The shower is running but I still yell, “I’m here!” so she doesn’t come out and think I’m a robber and attack me with her pointy nails. I know those things hurt.

I grab a can of Diet Coke from the fridge and crack it open as I stare at the mail on the kitchen counter, expecting to see a mound of letters.

It’s not a mound of letters at all. There are two envelopes and a postcard from Amber in Bali, but the rest are packages. Some are a square foot, others half that size, and they’re all wrapped in plain brown paper.
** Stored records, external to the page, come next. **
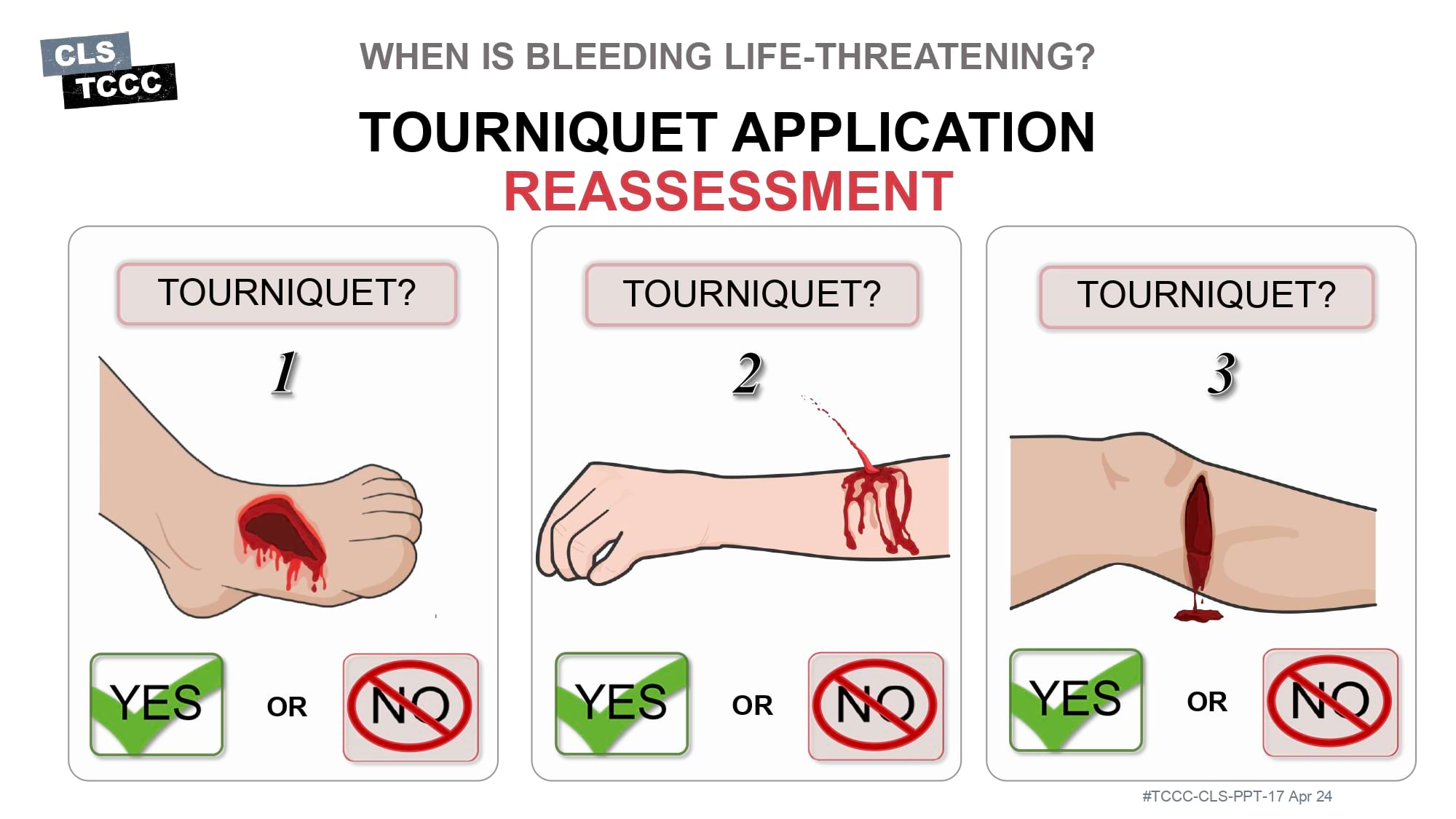 module-6-massive-hemorrhage-control-in-tfc-slide-26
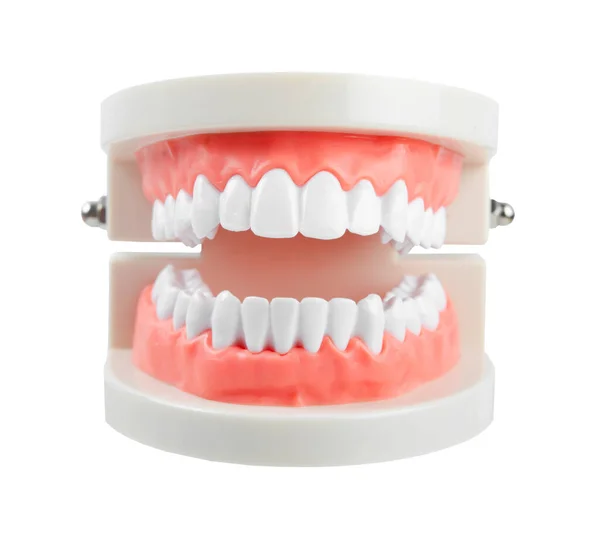 Närbild Tänder Modell Med Rött Tuggummi Vit Bakgrund Spara Klippning — Stockfoto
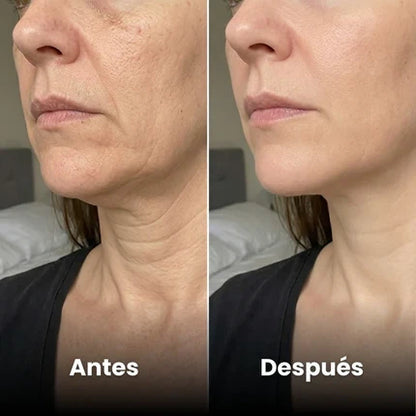 Escultor Lifting Facial 7 en 1 | CollagenLigth Pro™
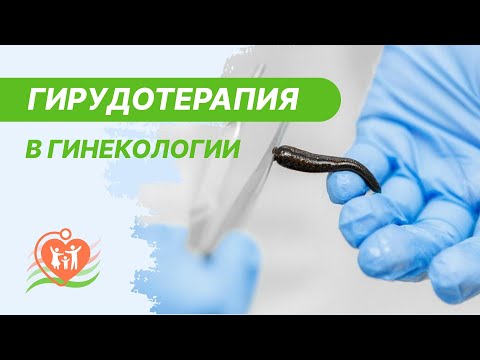 👩‍⚕️  Гирудотерапия в гинекологии. Пиявки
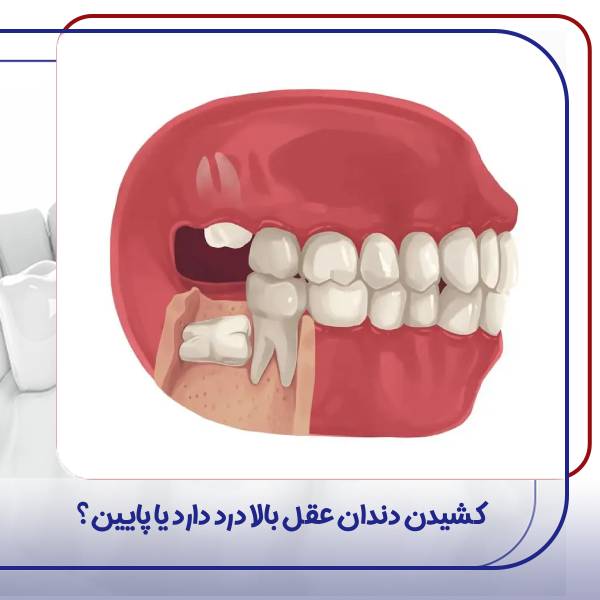 کشیدن دندان عقل بالا یا پایین؟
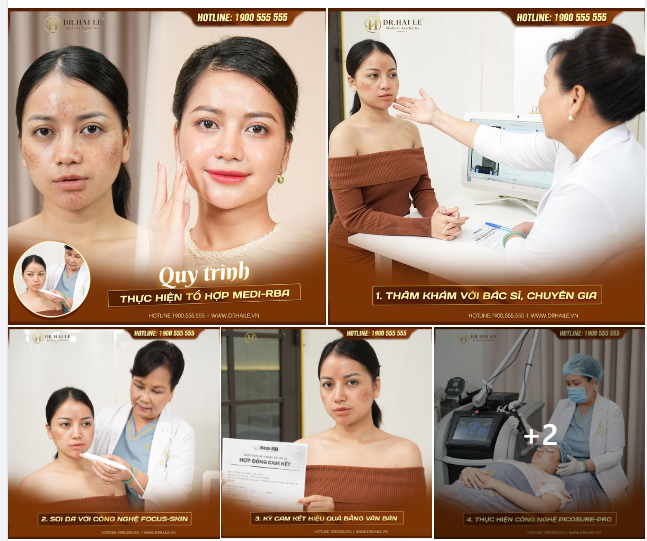 Bạn đã biết đến quy trình thực hiện tổ hợp Medi- RBA tại Dr Hải Lê ?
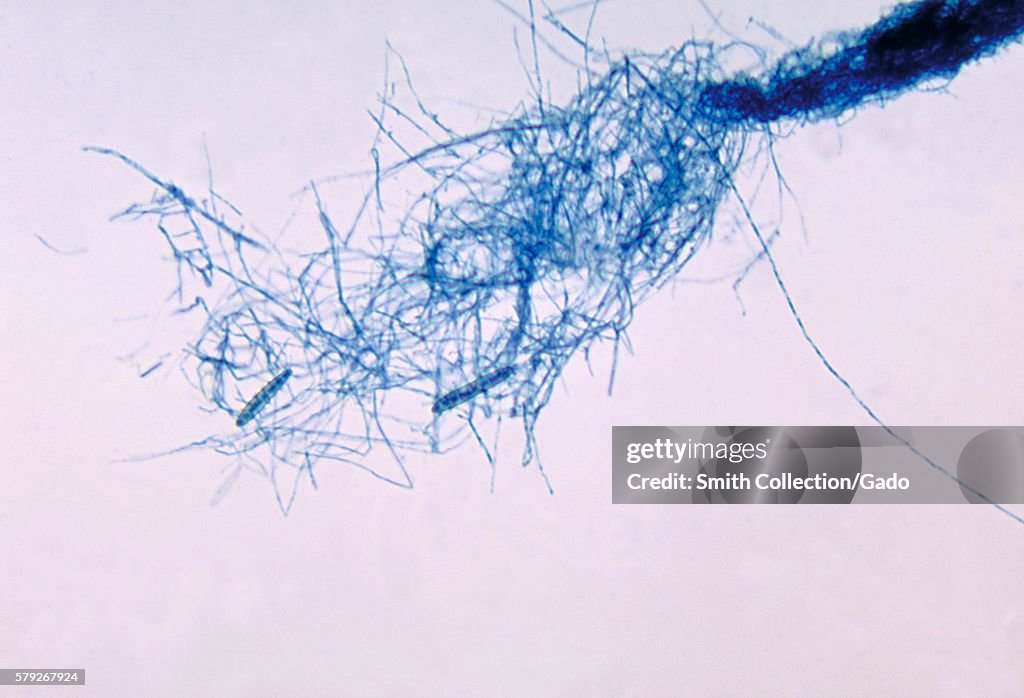 Microsporum Cookei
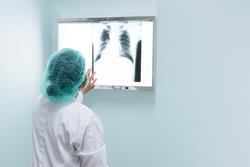 Cover image for research topic "Lung Adenocarcinoma: From Genomics to Immunotherapy"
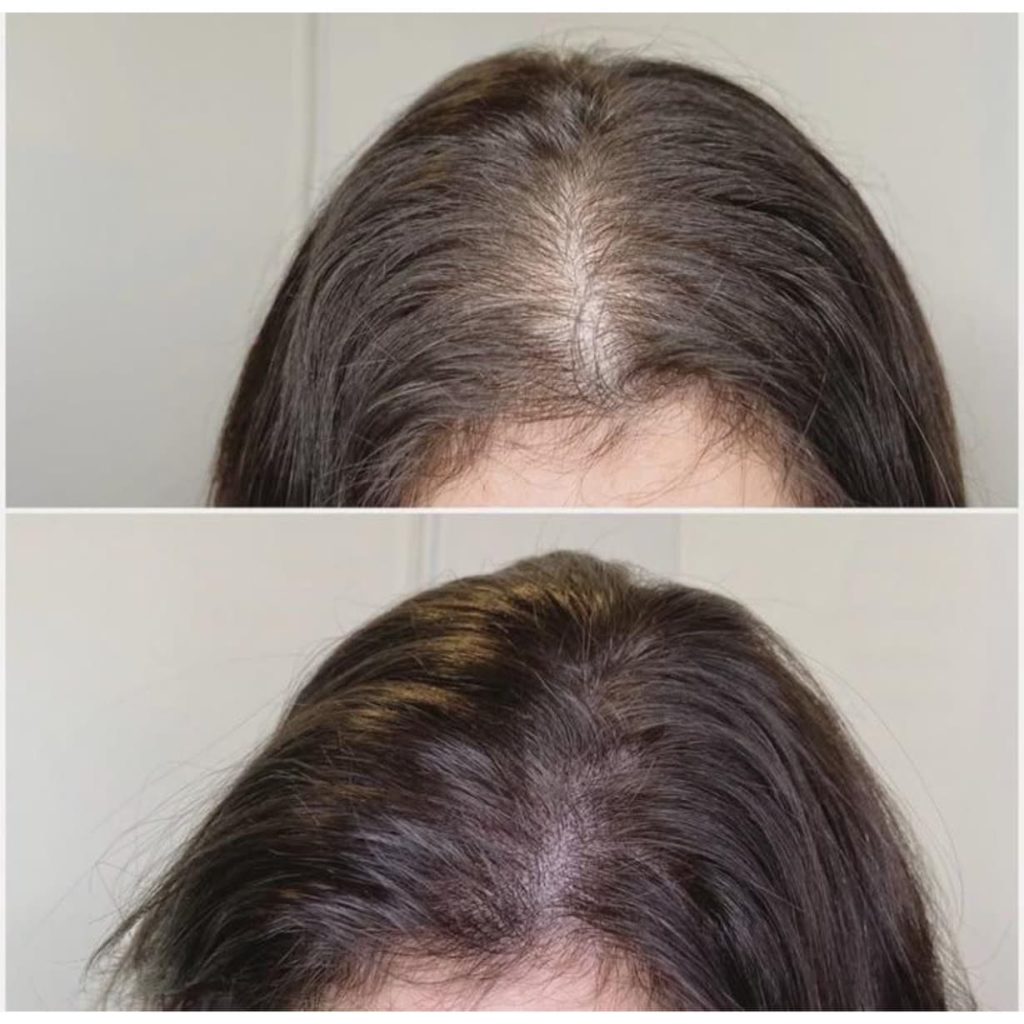 مرکز سلامت مو و ریشه هامین قزوین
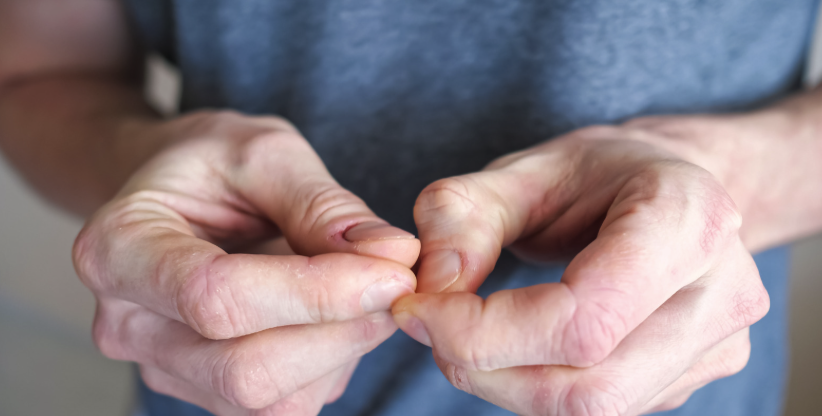 dłonie mężczyzny który ma zaburzenie zwane neuroza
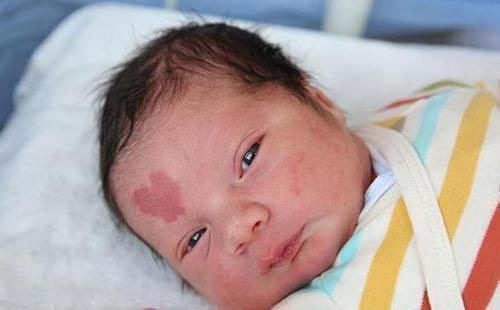 化学物质|胎记是怎么来的?产科大夫:除了遗传,孕期的这3种行为尽量避开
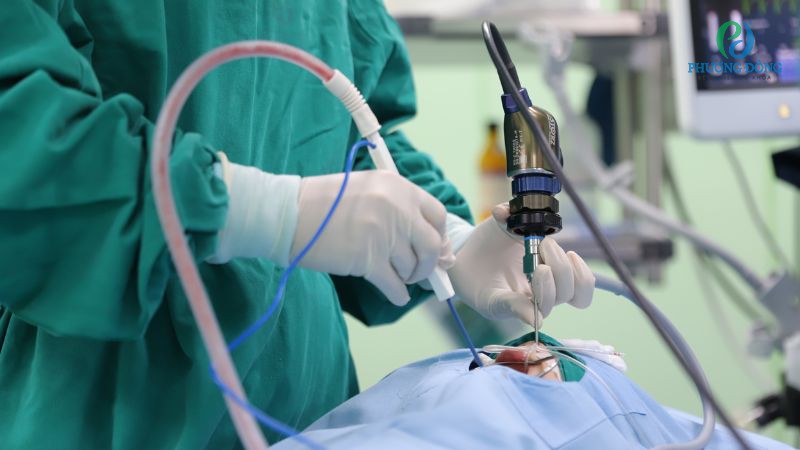 Quy trình kỹ thuật phẫu thuật amidan và VA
I pick up the one on the top. It has my address but the return address is Henare Wines in Bay View, New Zealand. I feel the blood drain out of me.

My heart is waterlogged.

With shaking hands, I pull back the paper and reveal a pastel-painted canvas. A seascape at sunset. Blues and corals and tangerine. It’s so gorgeous I want to cry. I blink a few times, turning it over. It doesn’t have Gemma’s name on it or a note but it’s from her. It’s her soul.

And she’s showing it to me.

I put it down and open another. And another. There are about fifteen of them, all gorgeous horizon lines, sunsets, sunrises—dark and stormy, happy and light. I’m surrounded by her.

“Josh?” I hear my mother say, and I whirl around to see her tucking her wet hair up into a towel, her face bare, her glasses off.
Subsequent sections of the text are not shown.